Department of Mechanics, Politecnico di Milano, Italy
Prof. Eng. Carlo Mapelli was born at Inzago (MI) on 23-10-1973 and graduated in Materials Engineering at Politecnico di Milano in October 1998. In January 1999 he passed the qualification for the admission to the PhD in Metallurgical Engineering at Politecnico di Torino. In March 2001 he became a Researcher in the scientific area designated ING IND/21 in the Section of Materials of the Department of Mechanics at Politecnico di Milano. In 2002 he was awarded the Daccò Prize of the Italian Association of Metallurgy (AIM) for his researches aimed at the understanding of the microsegregative phenomena in free-cutting steels. In January 2003 he obtained his PhD in Metallurgical Engineering at Politecnico di Torino for researches concerning the problems connected to the plastic deformation of metals. In March 2005 he became Associate Professor in the Dipartimento di Meccanica - Politecnico di Milano where he presents the courses: Steelmaking, Metallurgical technologies, Plastic deformation of metals, and Metallurgy.

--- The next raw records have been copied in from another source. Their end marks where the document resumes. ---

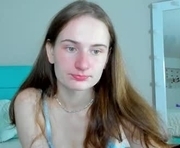 natural_meri_ is a 19 year old female webcam sex model.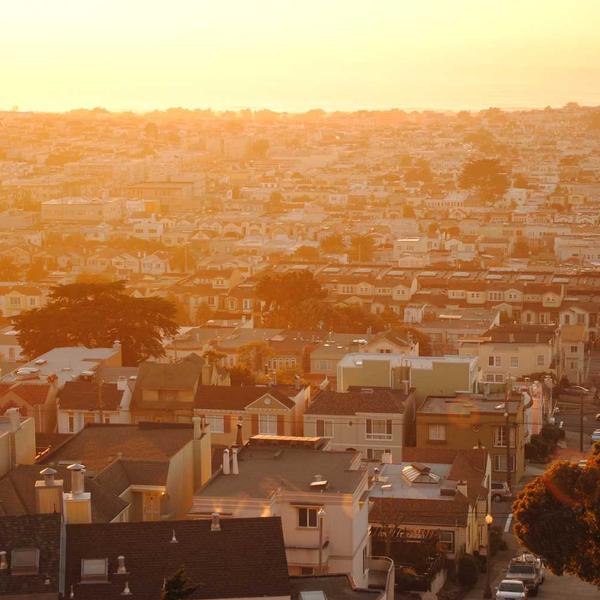 Peças-Chave: 5 Itens para Multiplicar seu Guarda-Roupa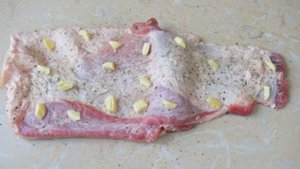 Рулет из свиной грудинки запеченный в духовке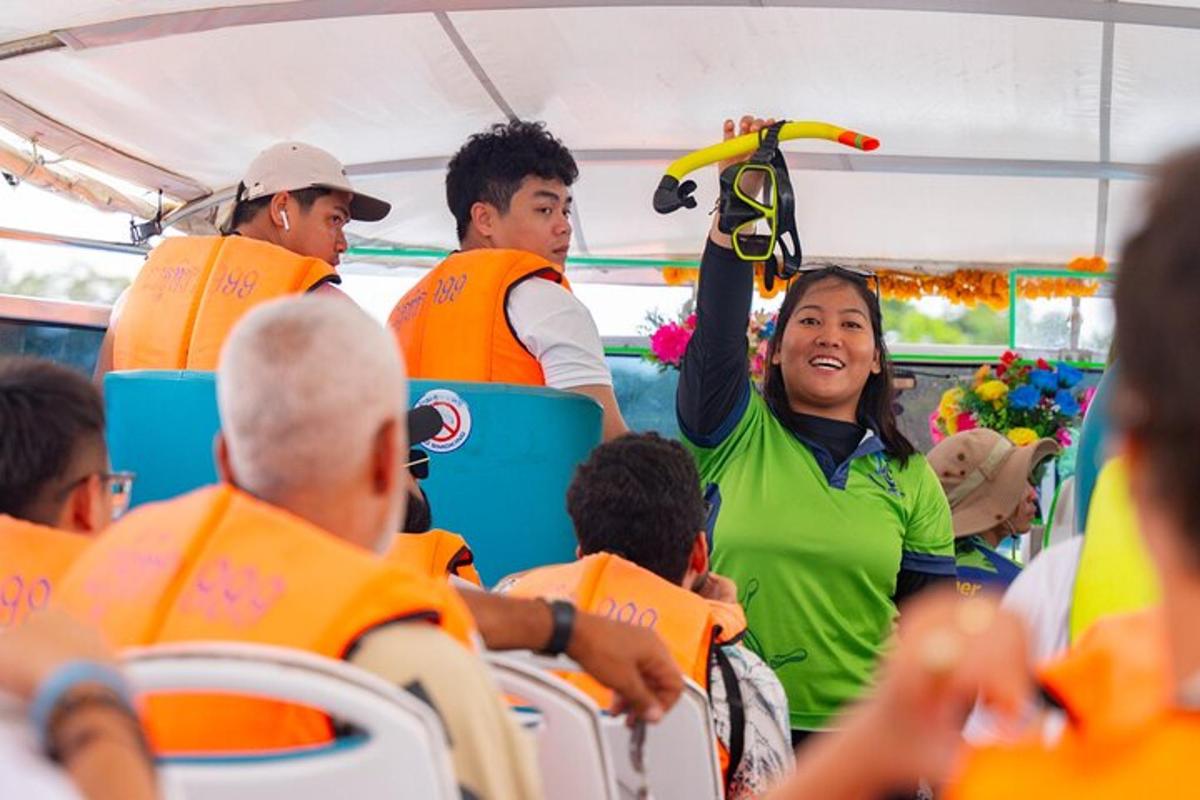 un grupo de personas sentadas en un autobús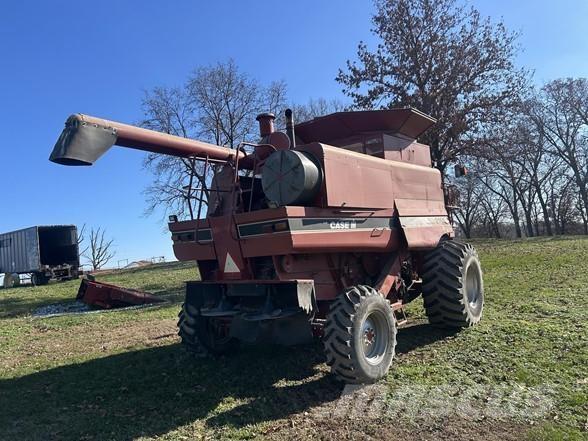 Case IH 2188 Зернозбиральні комбайни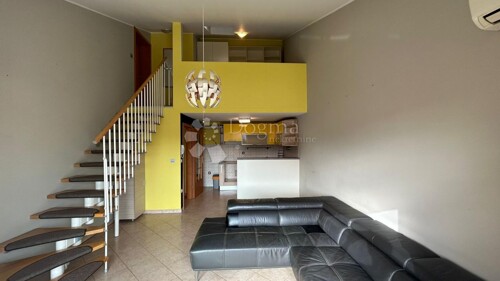 PRILIKA! DVOETAŽNI STAN 70 M2, 2 PARKINGA - Pula/Gregovica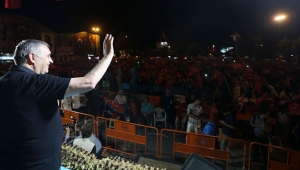 Meydanın Her Metrekaresinde Tarih Yazdık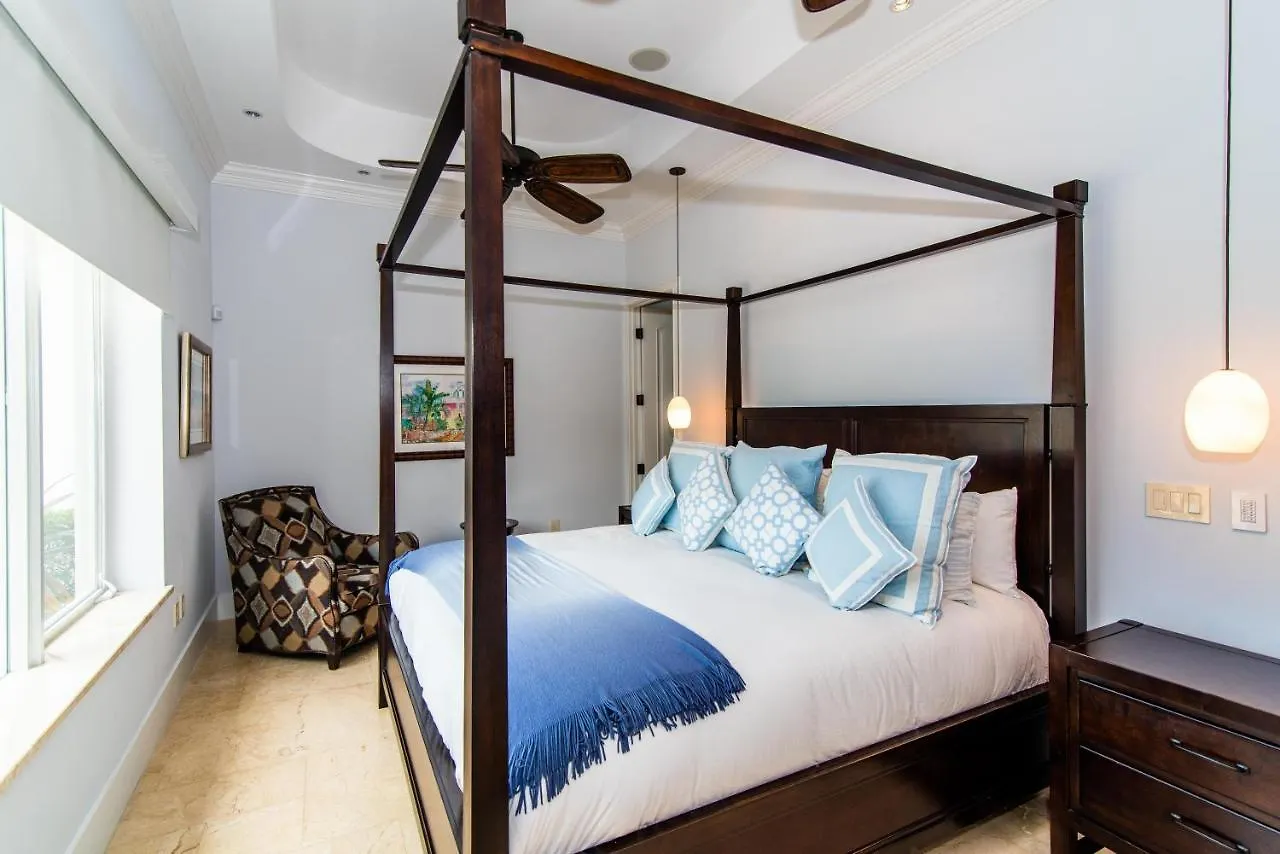 Faroway Luxury Villa Half Way Pond Cayman Islands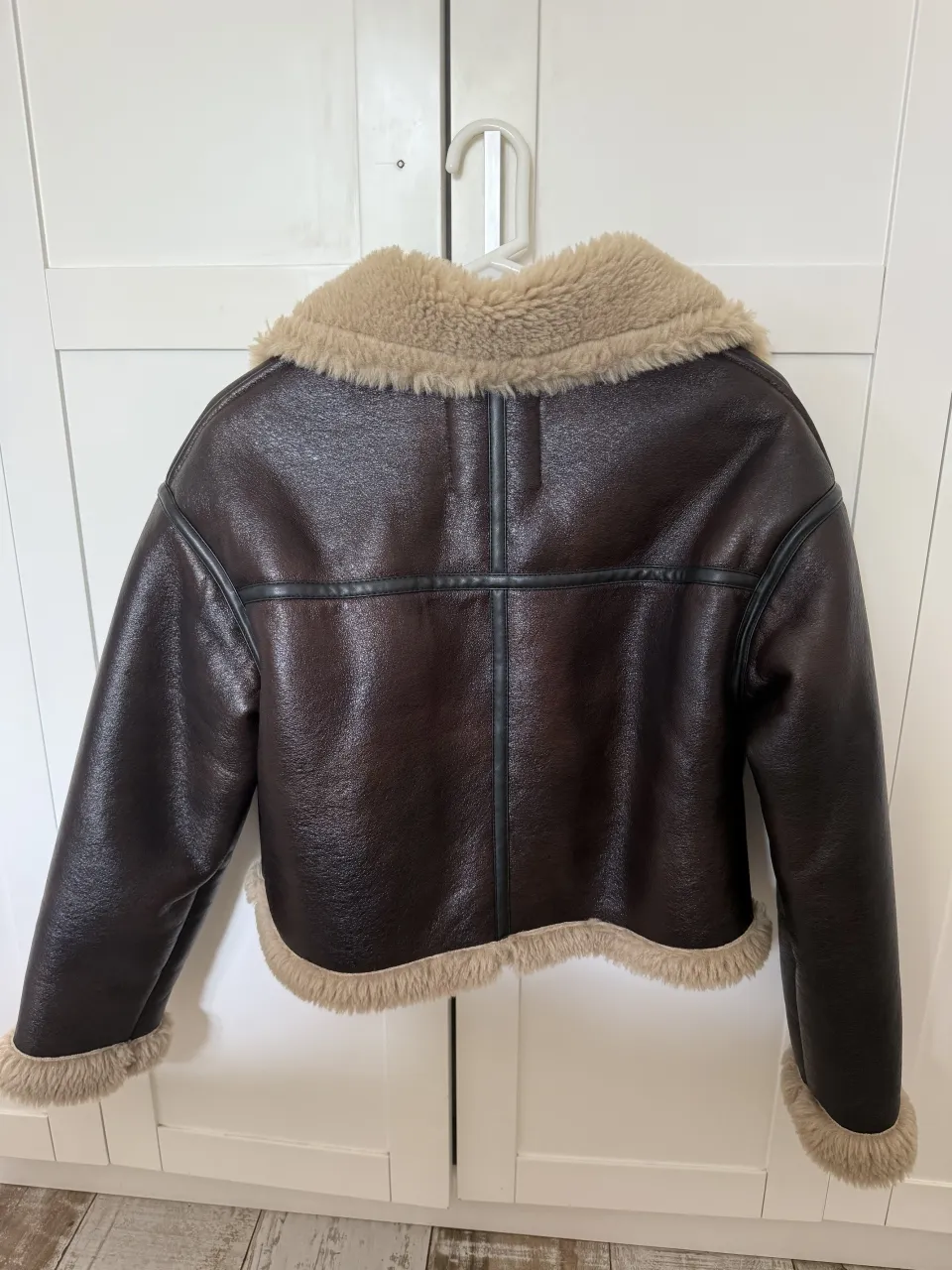 Campera Bershka - Vista 3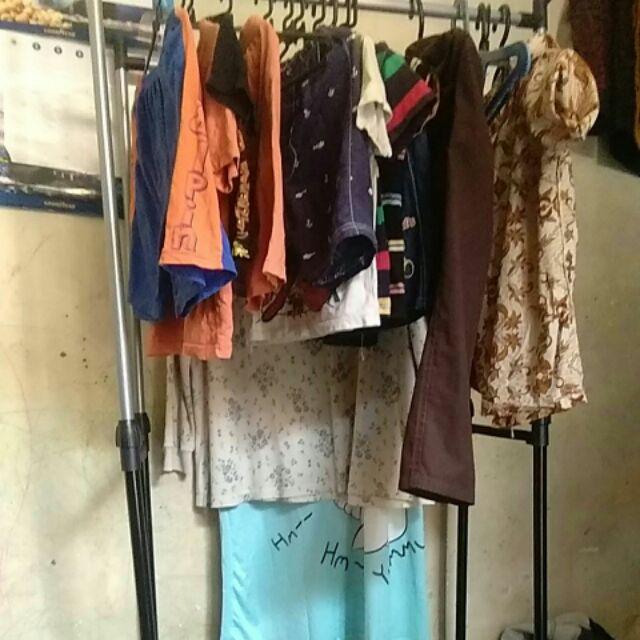 Single Rak Jemuran Laundry Beroda Multifungsi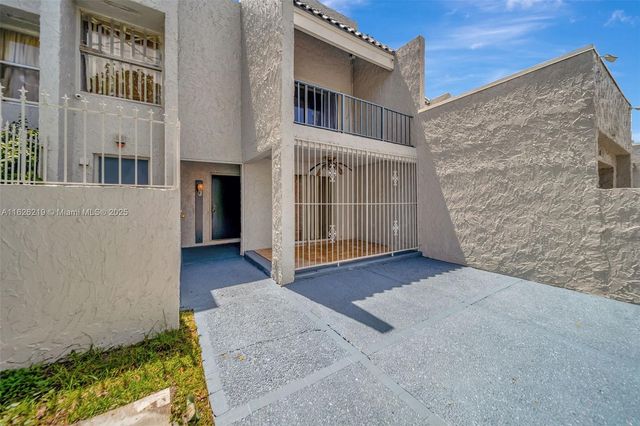 1809 NW 58th Ave 18, Lauderhill, FL 33313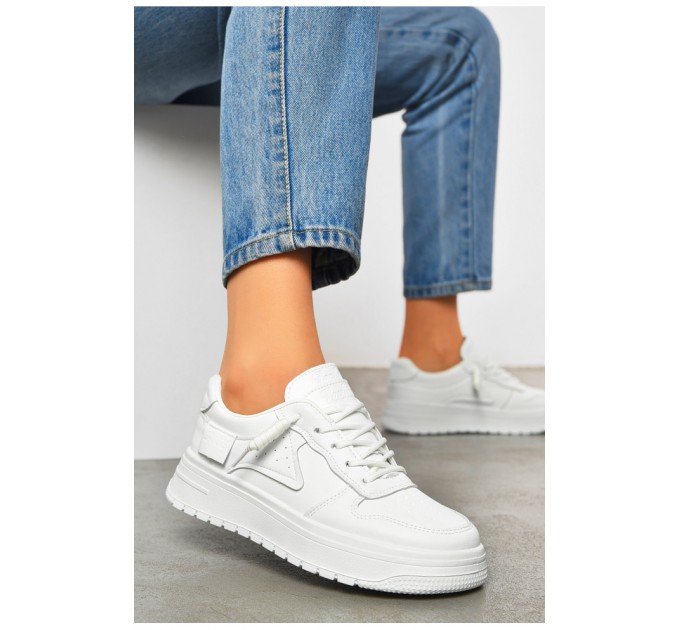 Кросівки жіночі білого кольору 200237L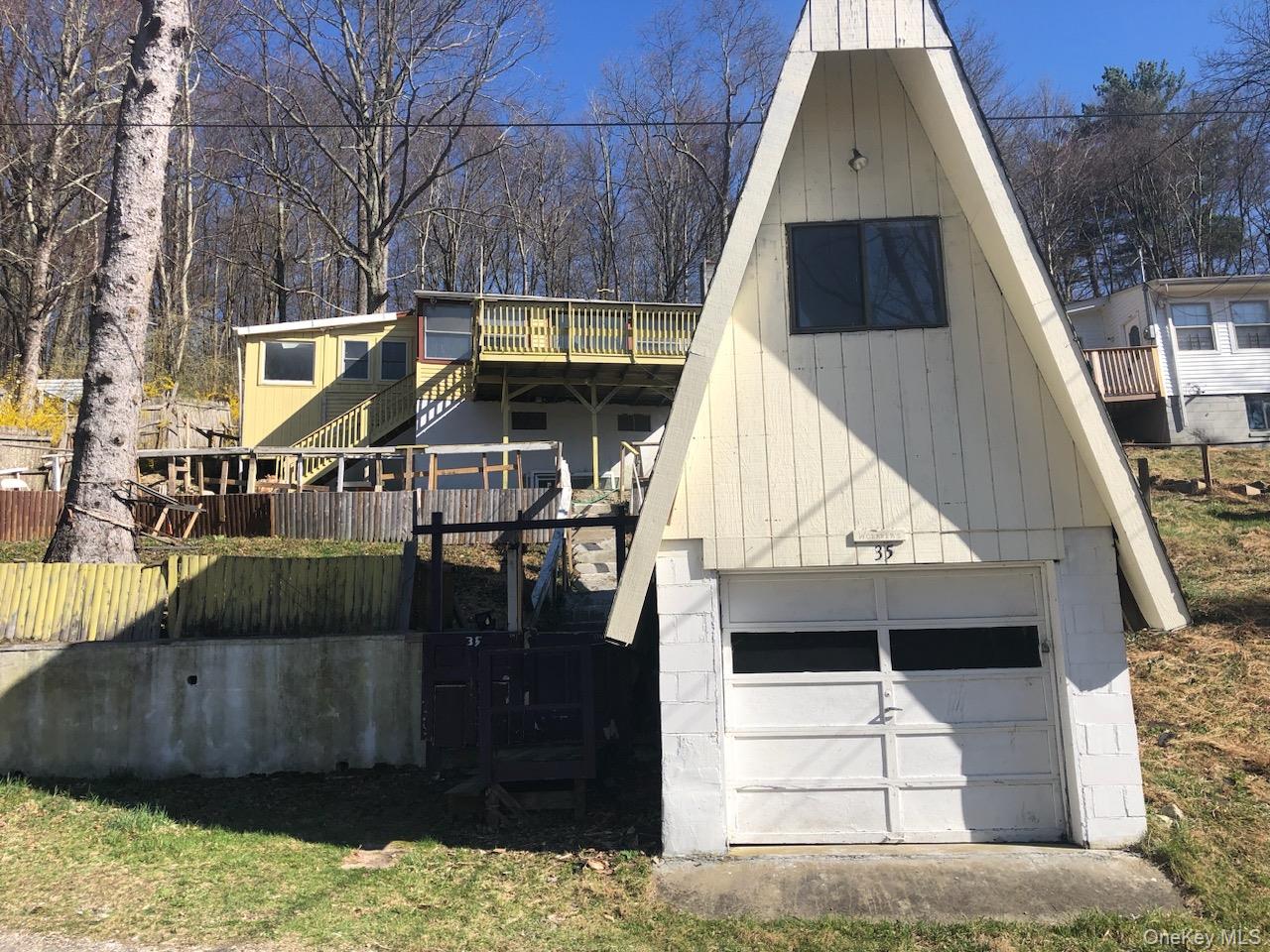 35 Lake Claire Drive – For Sale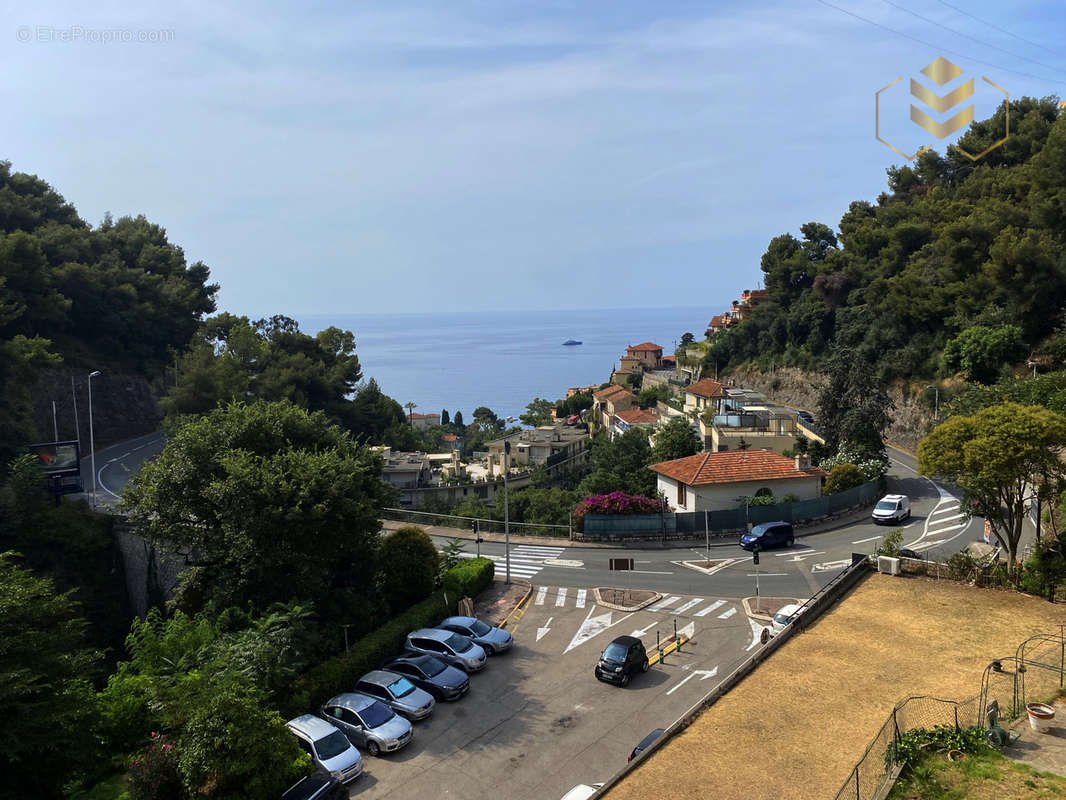 Appartement à ROQUEBRUNE-CAP-MARTIN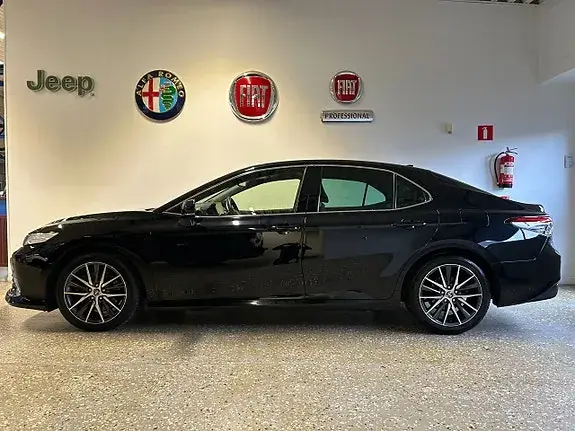 Toyota Camry 2021 photo 3
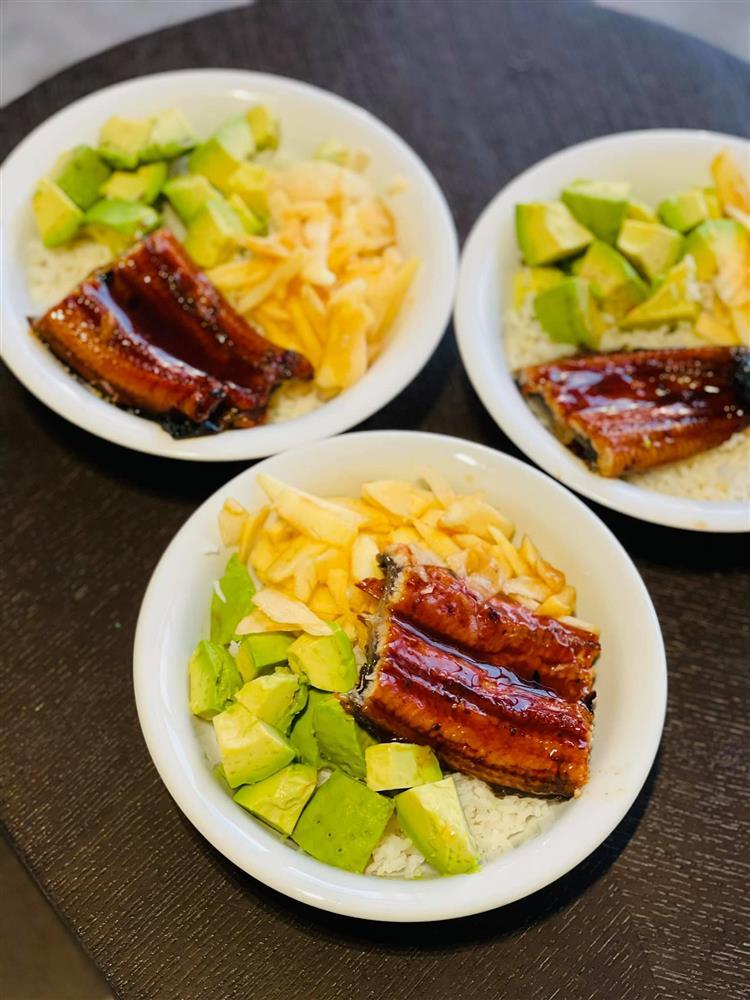 Đoan Trang trổ tài nữ công gia chánh với loạt món Việt bên bầu trời Singapore-10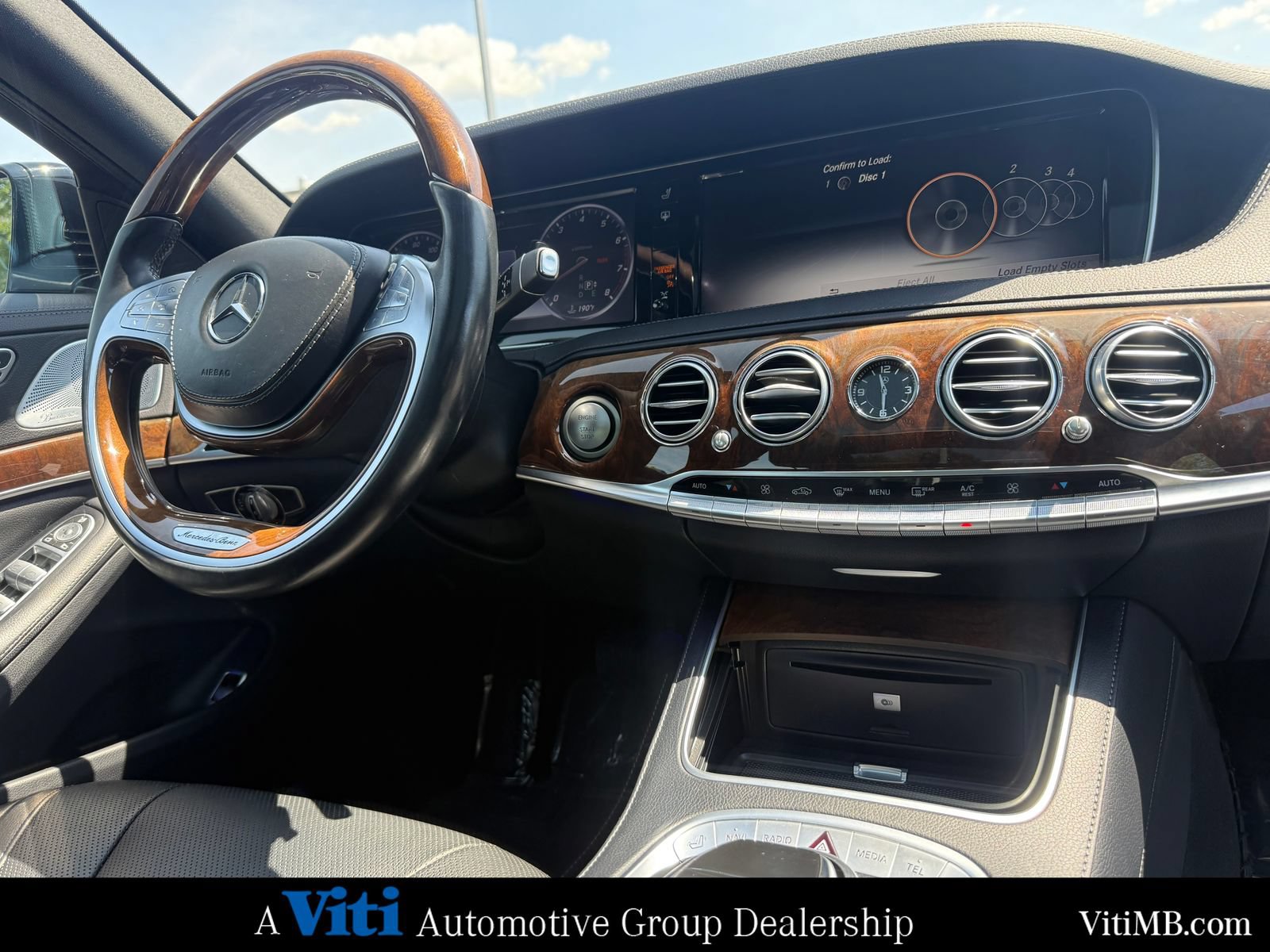 Used 2015 Mercedes-Benz S 550 4MATIC Sedan image 32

His scientific activity has focused on the following subjects:
- thermodynamic and kinetics of the steelmaking processes
- solidification of metallic materials
- study of the thermodynamic cycles of metallic materials and their working technologies
- features of archeometallurgical products
- failure analysis.
New opportunities for improving the formability of duplex stainless steels through specifically designed thermo-mechanical processes
A weakness of duplex stainless steels is their poor formability, which is due to a strong tendency towards thinning. Specifically designed laboratory rolling trials have been undertaken at different temperatures on 2205 duplex steel grades subjected to different reduction ratios and possible solution quenching. The rolling operations have been performed in symmetric and asymmetric conditions in order to impose different straining on the bulk regions of the laminated sheets.
The mechanical properties, the microstructural features and the texture characteristics have been defined for each condition and discussed on the basis of the results of finite element simulations performed using a Navier-Stokes approach. Such an approach allows clarification of the stress and strain field induced in the rolled product. Promising results for the design of steel microstructures for future industrial applications have been obtained and will provide improved control of the mechanical properties of duplex stainless steels.